### Work to be completed
Make an exact copy of the entries that come next.

━━ Record set ━━

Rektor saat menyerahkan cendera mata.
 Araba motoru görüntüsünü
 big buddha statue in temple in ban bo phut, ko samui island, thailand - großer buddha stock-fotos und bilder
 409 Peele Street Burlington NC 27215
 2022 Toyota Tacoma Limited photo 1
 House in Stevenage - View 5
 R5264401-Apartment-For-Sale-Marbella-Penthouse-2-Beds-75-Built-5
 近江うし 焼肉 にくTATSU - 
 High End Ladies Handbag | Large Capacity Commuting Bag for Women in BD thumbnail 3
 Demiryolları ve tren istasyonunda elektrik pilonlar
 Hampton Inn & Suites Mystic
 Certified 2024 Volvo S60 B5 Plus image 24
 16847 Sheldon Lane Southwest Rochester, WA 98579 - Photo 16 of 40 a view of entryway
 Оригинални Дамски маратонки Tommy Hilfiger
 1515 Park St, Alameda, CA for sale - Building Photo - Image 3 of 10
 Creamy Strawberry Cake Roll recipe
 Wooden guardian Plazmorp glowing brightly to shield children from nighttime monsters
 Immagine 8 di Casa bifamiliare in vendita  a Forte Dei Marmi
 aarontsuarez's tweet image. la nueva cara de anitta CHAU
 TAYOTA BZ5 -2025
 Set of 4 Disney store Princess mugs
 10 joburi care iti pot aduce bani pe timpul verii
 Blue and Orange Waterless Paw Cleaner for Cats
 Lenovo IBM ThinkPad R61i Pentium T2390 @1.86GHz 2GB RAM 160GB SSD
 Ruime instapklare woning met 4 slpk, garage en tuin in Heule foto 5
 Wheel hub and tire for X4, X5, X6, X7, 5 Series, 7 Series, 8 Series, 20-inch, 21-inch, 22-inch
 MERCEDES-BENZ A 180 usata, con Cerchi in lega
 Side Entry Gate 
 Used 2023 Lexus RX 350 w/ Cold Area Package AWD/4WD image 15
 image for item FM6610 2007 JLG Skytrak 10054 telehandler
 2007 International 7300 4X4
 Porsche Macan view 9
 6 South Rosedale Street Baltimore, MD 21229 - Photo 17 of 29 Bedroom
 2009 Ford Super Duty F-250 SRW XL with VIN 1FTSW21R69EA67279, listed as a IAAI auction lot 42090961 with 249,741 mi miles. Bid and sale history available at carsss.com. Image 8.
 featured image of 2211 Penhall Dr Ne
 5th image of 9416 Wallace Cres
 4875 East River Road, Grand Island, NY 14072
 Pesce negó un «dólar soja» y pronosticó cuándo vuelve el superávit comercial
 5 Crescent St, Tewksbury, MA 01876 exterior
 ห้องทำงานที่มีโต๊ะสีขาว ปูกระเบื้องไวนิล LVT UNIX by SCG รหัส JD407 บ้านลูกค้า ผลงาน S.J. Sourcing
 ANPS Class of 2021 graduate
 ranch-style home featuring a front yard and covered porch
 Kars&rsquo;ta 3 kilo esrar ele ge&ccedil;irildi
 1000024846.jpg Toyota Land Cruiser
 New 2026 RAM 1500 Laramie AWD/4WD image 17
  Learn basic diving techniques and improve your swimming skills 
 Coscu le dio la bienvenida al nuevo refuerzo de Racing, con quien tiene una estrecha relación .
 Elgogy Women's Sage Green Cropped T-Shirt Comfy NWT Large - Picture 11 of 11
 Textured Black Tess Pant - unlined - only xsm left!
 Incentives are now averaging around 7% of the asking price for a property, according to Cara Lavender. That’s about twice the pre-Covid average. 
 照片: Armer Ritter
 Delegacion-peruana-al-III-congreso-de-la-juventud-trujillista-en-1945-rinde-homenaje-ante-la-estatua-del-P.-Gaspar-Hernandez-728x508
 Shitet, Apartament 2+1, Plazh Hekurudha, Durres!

━━━

### Response box
Rektor saat menyerahkan cendera mata.
 Araba motoru görüntüsünü
 big buddha statue in temple in ban bo phut, ko samui island, thailand - großer buddha stock-fotos und bilder
 409 Peele Street Burlington NC 27215
 2022 Toyota Tacoma Limited photo 1
 House in Stevenage - View 5
 R5264401-Apartment-For-Sale-Marbella-Penthouse-2-Beds-75-Built-5
 近江うし 焼肉 にくTATSU - 
 High End Ladies Handbag | Large Capacity Commuting Bag for Women in BD thumbnail 3
 Demiryolları ve tren istasyonunda elektrik pilonlar
 Hampton Inn & Suites Mystic
 Certified 2024 Volvo S60 B5 Plus image 24
 16847 Sheldon Lane Southwest Rochester, WA 98579 - Photo 16 of 40 a view of entryway
 Оригинални Дамски маратонки Tommy Hilfiger
 1515 Park St, Alameda, CA for sale - Building Photo - Image 3 of 10
 Creamy Strawberry Cake Roll recipe
 Wooden guardian Plazmorp glowing brightly to shield children from nighttime monsters
 Immagine 8 di Casa bifamiliare in vendita  a Forte Dei Marmi
 aarontsuarez's tweet image. la nueva cara de anitta CHAU
 TAYOTA BZ5 -2025
 Set of 4 Disney store Princess mugs
 10 joburi care iti pot aduce bani pe timpul verii
 Blue and Orange Waterless Paw Cleaner for Cats
 Lenovo IBM ThinkPad R61i Pentium T2390 @1.86GHz 2GB RAM 160GB SSD
 Ruime instapklare woning met 4 slpk, garage en tuin in Heule foto 5
 Wheel hub and tire for X4, X5, X6, X7, 5 Series, 7 Series, 8 Series, 20-inch, 21-inch, 22-inch
 MERCEDES-BENZ A 180 usata, con Cerchi in lega
 Side Entry Gate 
 Used 2023 Lexus RX 350 w/ Cold Area Package AWD/4WD image 15
 image for item FM6610 2007 JLG Skytrak 10054 telehandler
 2007 International 7300 4X4
 Porsche Macan view 9
 6 South Rosedale Street Baltimore, MD 21229 - Photo 17 of 29 Bedroom
 2009 Ford Super Duty F-250 SRW XL with VIN 1FTSW21R69EA67279, listed as a IAAI auction lot 42090961 with 249,741 mi miles. Bid and sale history available at carsss.com. Image 8.
 featured image of 2211 Penhall Dr Ne
 5th image of 9416 Wallace Cres
 4875 East River Road, Grand Island, NY 14072
 Pesce negó un «dólar soja» y pronosticó cuándo vuelve el superávit comercial
 5 Crescent St, Tewksbury, MA 01876 exterior
 ห้องทำงานที่มีโต๊ะสีขาว ปูกระเบื้องไวนิล LVT UNIX by SCG รหัส JD407 บ้านลูกค้า ผลงาน S.J. Sourcing
 ANPS Class of 2021 graduate
 ranch-style home featuring a front yard and covered porch
 Kars&rsquo;ta 3 kilo esrar ele ge&ccedil;irildi
 1000024846.jpg Toyota Land Cruiser
 New 2026 RAM 1500 Laramie AWD/4WD image 17
  Learn basic diving techniques and improve your swimming skills 
 Coscu le dio la bienvenida al nuevo refuerzo de Racing, con quien tiene una estrecha relación .
 Elgogy Women's Sage Green Cropped T-Shirt Comfy NWT Large - Picture 11 of 11
 Textured Black Tess Pant - unlined - only xsm left!
 Incentives are now averaging around 7% of the asking price for a property, according to Cara Lavender. That’s about twice the pre-Covid average. 
 照片: Armer Ritter
 Delegacion-peruana-al-III-congreso-de-la-juventud-trujillista-en-1945-rinde-homenaje-ante-la-estatua-del-P.-Gaspar-Hernandez-728x508
 Shitet, Apartament 2+1, Plazh Hekurudha, Durres!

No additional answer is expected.